Lisboa - O Presidente de Angola descarregou os seus dispositivos de repressão e com isto ultrajou o que há de mais sagrado numa comunidade nacional: o respeito aos direitos de cidadania jurídica e política das pessoas.

Fonte: Publico

Cada vez se percebe com mais clareza que o presidente de Angola enfrenta um sério dilema na sua governação e que, tarde ou cedo, irá ter necessidade de o dirimir. A insatisfação popular cresce no país como se viu na última manifestação multitudinária do dia 24 de Outubro, porém, contra o que seria de esperar, as respostas do poder político até agora têm sido desastradas. Invariavelmente marcadas por medidas de agressividade. Talvez os dirigentes vivam inebriados com a ilusão de que o povo dorme. É verdade que ainda dorme, no entanto quando acordar de vez, como diria o jornalista e romancista português Pedro Lopes de Mendonça (1826-1865), “o acordar será terrível”[1]. Bem terrível.

A memória do general e dos seus acólitos a este respeito parece-me curta e pouco difere da memória dos ditadores e tiranos de todas as épocas. Em alguns momentos da história os governos cometem tantos abusos a ponto de se deixarem ofuscar por fantasias da imaginação, convencidos de que podem refrear a indisposição e a fúria dos povos com ameaças, balas e prisões. No final de tudo, porém, esta suposta eficácia da violência governamental contra os povos acaba por se virar contra os próprios algozes.


Desde 1975 que o MPLA tem estado a acender mechas de conflitos que um dia poderão desembocar num generalizado movimento de desobediência civil e dar lugar a um colossal protesto social. Por enquanto os protestos são surdos, estão abafados nos peitos dessa massa humilhada de angolanos. Mas o que parece hoje controlável à miopia e surdez dos donos do poder pode transformar-se amanhã em lavas incandescentes que nem as polícias e os exércitos melhor aparelhados do planeta conseguem controlar.

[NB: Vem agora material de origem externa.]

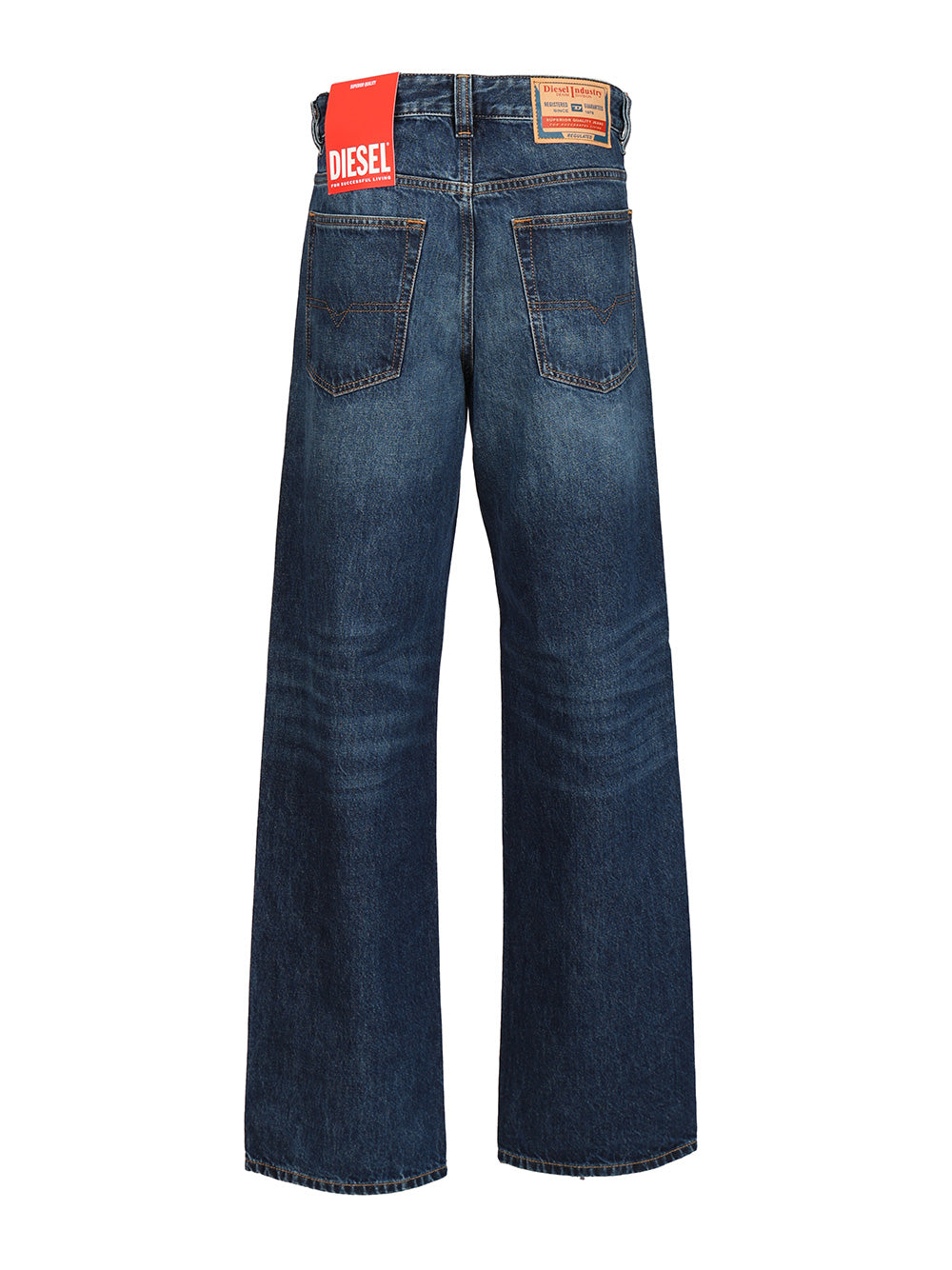 Diesel Relaxed Fit Jeans - Blu | bcaf53e143f6bcc449abe12219c7b577dcc300e3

Veja-se o que aconteceu em França com a revolução de 1789. Esta será talvez uma das maiores legendas que a história nos oferece e que os governantes do mundo raramente guardam na memória. O trágico desabar da monarquia absoluta com o rei Luís XVI a ser levado ao patíbulo e a ser guilhotinado é uma lição que os políticos deviam reter nas suas meditações. O facto em si encerra algo de simbolicamente lapidar, porque nos permite entender como fatalmente os povos se revoltam cada vez que os seus dirigentes os aviltam no seu amor-próprio e lhes roubam os sonhos. É um direito e uma reacção natural da humanidade contra certos monstros que governam as sociedades

A pátria de Jean-Jacques Rousseau é, talvez, de todas a pátria maior das revoltas. O povo ali jamais aceitou submeter-se a cadeias de ferro, mesmo quando o sistema político representativo acenou com promessas de liberdade e justiça para os trabalhadores. Contra o descaso, a soberba e o menosprezo de reis e ministros diante do sentir e das aspirações dos seus governados, logo brotava impetuosa das profundezas da nação uma nova e espantosa convulsão social.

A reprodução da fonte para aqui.